阅读伟大的书,或者说阅读经典著作,这不是我们当前的博雅教育正在提倡的吗?那么,施特劳斯自由教育所提倡的阅读大书与我们当前教育雅教育所提倡的阅读经典著作之间有什么不同呢?事实上,这两种教育理念在阅读经典著作的观点上有着很大的不同,理解这种不同的关键就在于理解施特劳斯自由教育所提倡的大书是怎样的大书,以及施特劳斯自由教育所提倡的阅读大书的方法是怎样的方法。

什么样的书才是施特劳斯所讲的大书呢?施特劳斯曾解释说,大书也就是最伟大的心灵所留下的伟大的书。施特劳斯对于大书的理解不同于我们一般对于经典著作的理解,而是从古典政治哲学的视野出发的。在施特劳斯看来,一些著作之所以被称为大书,就在于这些著作是对于整全事物的探讨,追求的是整全真理。而对于施特劳斯来讲,现当代的这些所谓的经典著作都是哲学与科学分化之后的产物,因此,施特劳斯及其弟子们几乎从来不理会当代的政治哲学著作。此外,施特劳斯还告诫我们,即使面对伟大的书,也要有选择地去读,因为“生命太过于短暂,以至于我们只能和那些最伟大的书生活在一起。”[14]7

在分析什么样的书是伟大的书之后,施特劳斯对于如何阅读大书的问题提出自己独特的方法,也正是对于阅读方法的独特理解让施特劳斯的自由教育有了独特性的内涵。施特劳斯认为,古典政治哲人为了避免政治和哲学之间的冲突学会一种表达自己思想的特别的写作方式,也就是在同一个文本里面用两种不同的语言来传递两种不同的教导,一种是对社会有用的教导,也就是“显白教导”(exotericteaching),另一种则是对政治有危害而不能够直接说出来的教导,也就是“隐秘教导”(esotericteaching)。[18]施特劳斯认为,“显白教导”是一种我们每个人在文本中都能直接读出来的教导,而“隐秘教导”则是只有经过深度阅读才能够领会的教导。而施特劳斯认为阅读大书就在于读出大书中的“隐秘教导”[19]。

那么如何才能够读出大书中的“隐秘教导”呢?施特劳斯提出了“字里行间阅读法”。“字里行间阅读法”是指读者在阅读文本的过程中“要能够放下自己的问题而注意作者的问题,并且尽可能多地依靠作者直接或间接地说过的话,而尽可能少地依赖不必要的信息,并且在阅读中应该要尽量使用作者的术语及前提,而避免使用不必要的现代术语及前提”[20],施特劳斯认为只有把原文仅仅当作一种文本形式,而不是具有前提概念和理论框架的理论,我们才能够潜入到文本的字里行间,才能够透过文本的表面意义,读出文本的“微言大义”。
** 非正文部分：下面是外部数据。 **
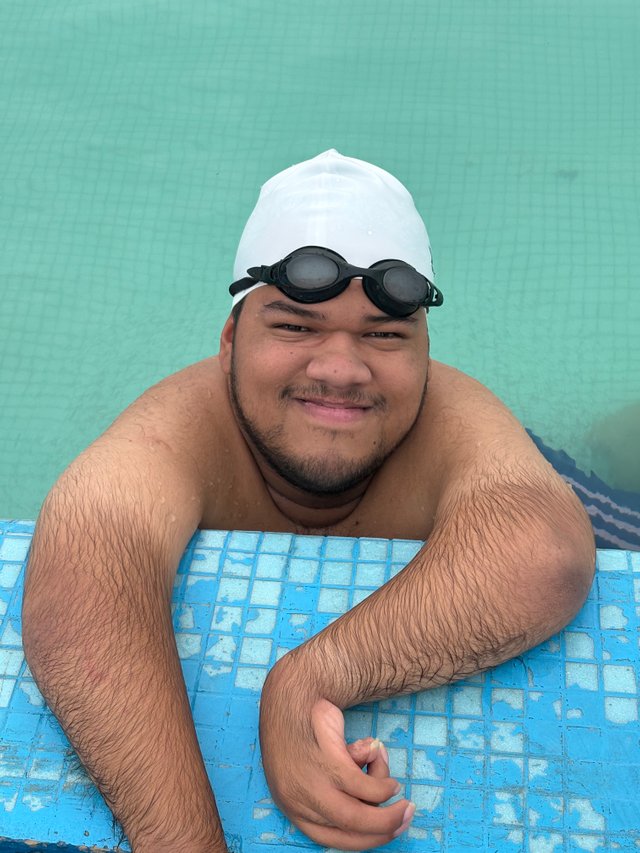 IMG_6674.jpeg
施特劳斯告诉我们,“读伟大著作的过程就是与最伟大的心灵交谈的过程”,但是,“如果没有我们的帮助这种交谈就不会发生,因为,最伟大的心灵在独白,而我们必须把他们的独白转换为对话,使他们能够一起进入这一交谈的聚会。”[14]8同时,施特劳斯也告诉我们,与最伟大心灵的交流,也需要我们能够“成为专注和温良的倾听者”,因为只有专注和温良的倾听者“才能够冲破名利场的喧嚣,才能够真正经历美好的事物。”[14]9事实上,我们可以说,施特劳斯提出的阅读大书的方法就是哲学追问的方法。施特劳斯曾多次指出,“哲学就是对智慧的探讨,就是对关涉最重要的、最高的或最整全的事物的知识的探求”,[5]11而阅读伟大的书的过程也就是哲学追问的过程。

四、自由教育与回归古典政治哲学

施特劳斯不是“学究”,并且也从来就不是“学究”,施特劳斯关于任何问题的探讨都是建立在其对于当代西方问题的深刻反思基础之上的[21]。在施特劳斯看来,当代西方问题的根源就在于西方的现代性,而西方现代性的根源则在于西方现代政治哲学对西方古典政治哲学的反叛[22]。因此,批判近代以来的政治哲学和回归古典政治哲学也就成为了施特劳斯研究的中心任务。而自由教育作为施特劳斯在政治生活中从事政治哲学的方式,也就成为施特劳斯带领弟子们回归古典政治哲学的最直接方式。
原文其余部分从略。